# [Information shown]
*** Begin section ***
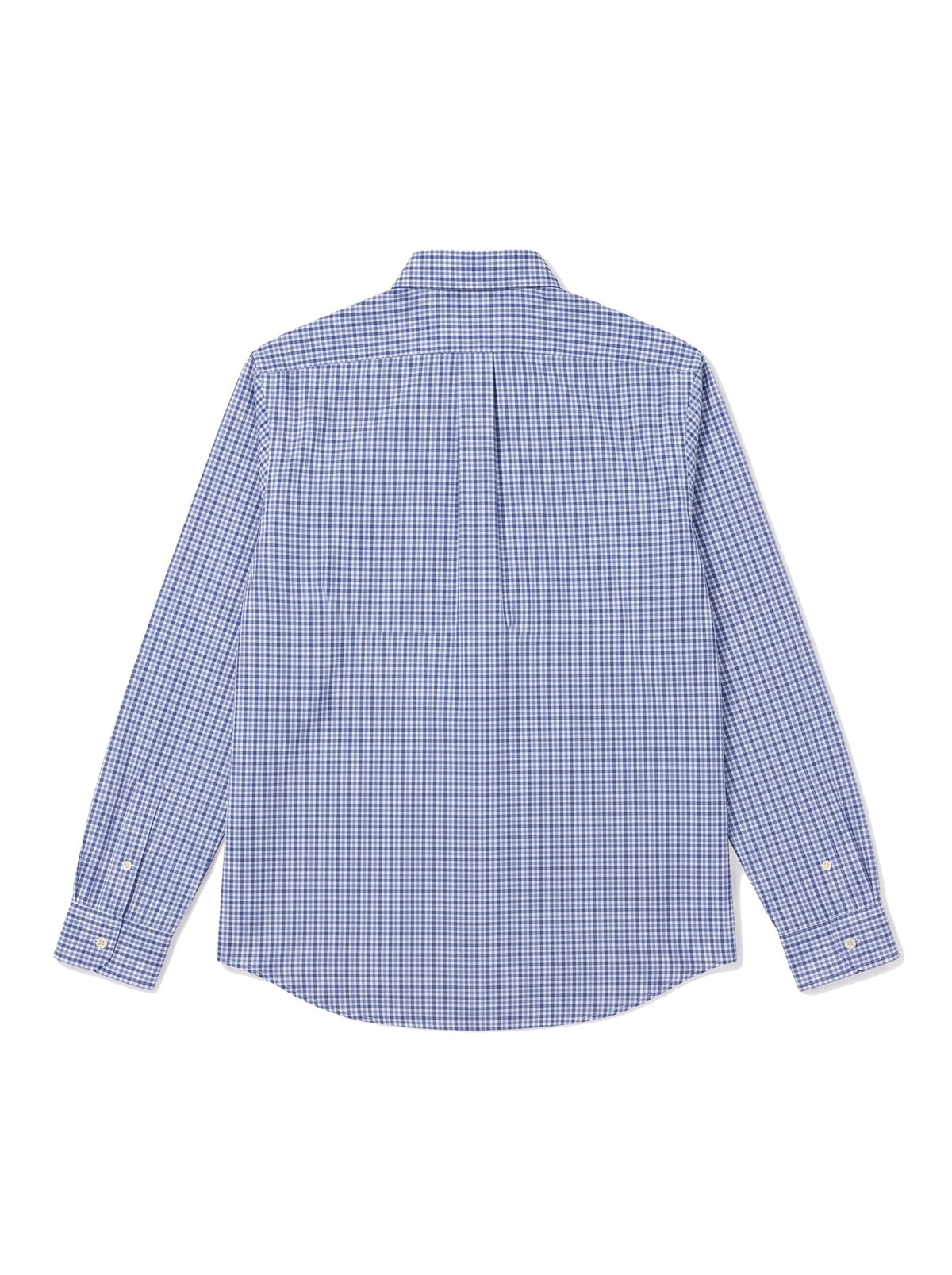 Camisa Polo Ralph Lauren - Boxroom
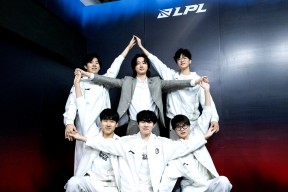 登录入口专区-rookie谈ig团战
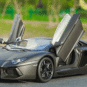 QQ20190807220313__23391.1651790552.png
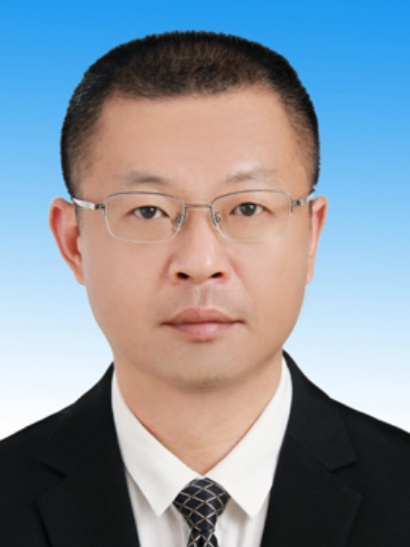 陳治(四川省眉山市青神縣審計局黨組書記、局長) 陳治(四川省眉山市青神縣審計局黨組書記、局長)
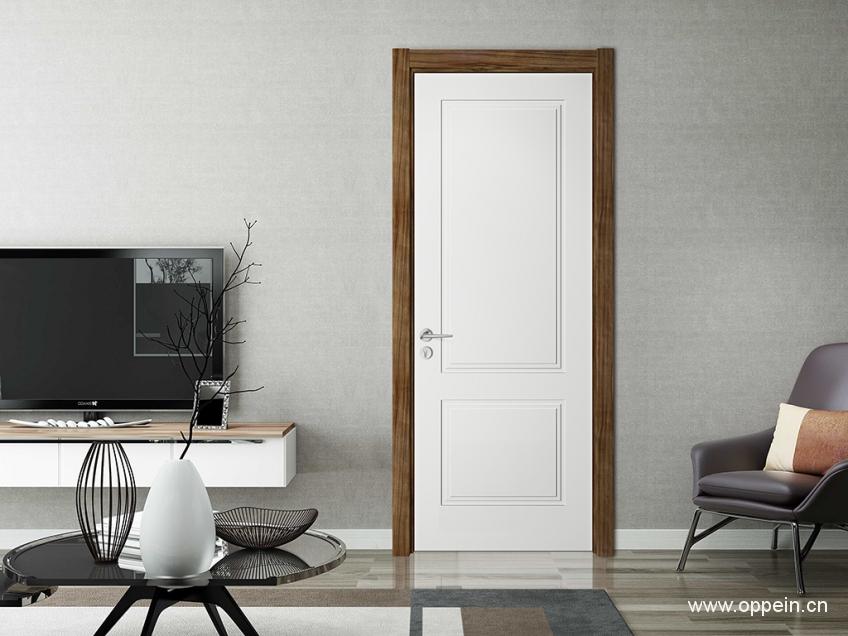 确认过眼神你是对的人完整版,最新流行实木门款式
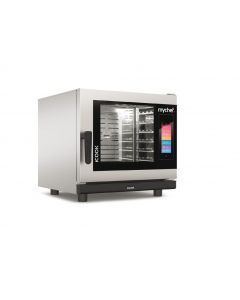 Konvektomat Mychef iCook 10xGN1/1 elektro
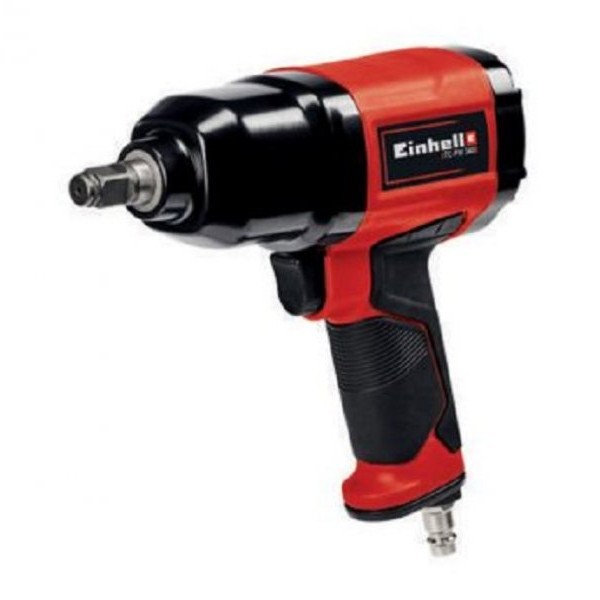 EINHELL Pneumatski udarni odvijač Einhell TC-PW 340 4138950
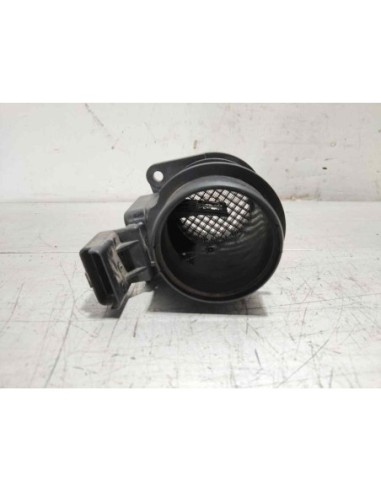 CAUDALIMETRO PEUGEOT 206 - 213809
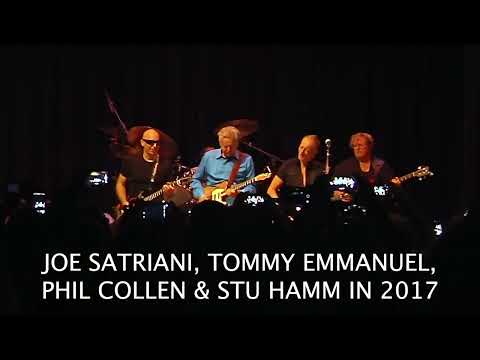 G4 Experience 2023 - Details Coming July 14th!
*** End section ***
# [Your goal]
Among the lines above, the one with "登录入口专区-rookie谈ig团战" opens the part to repeat and the one with "EINHELL Pneumatski udarni" closes it; repeat only that part exactly, with no pictures.

# [Exercise result]
 登录入口专区-rookie谈ig团战
 QQ20190807220313__23391.1651790552.png
 陳治(四川省眉山市青神縣審計局黨組書記、局長) 陳治(四川省眉山市青神縣審計局黨組書記、局長)
 确认过眼神你是对的人完整版,最新流行实木门款式
 Konvektomat Mychef iCook 10xGN1/1 elektro
 EINHELL Pneumatski udarni odvijač Einhell TC-PW 340 4138950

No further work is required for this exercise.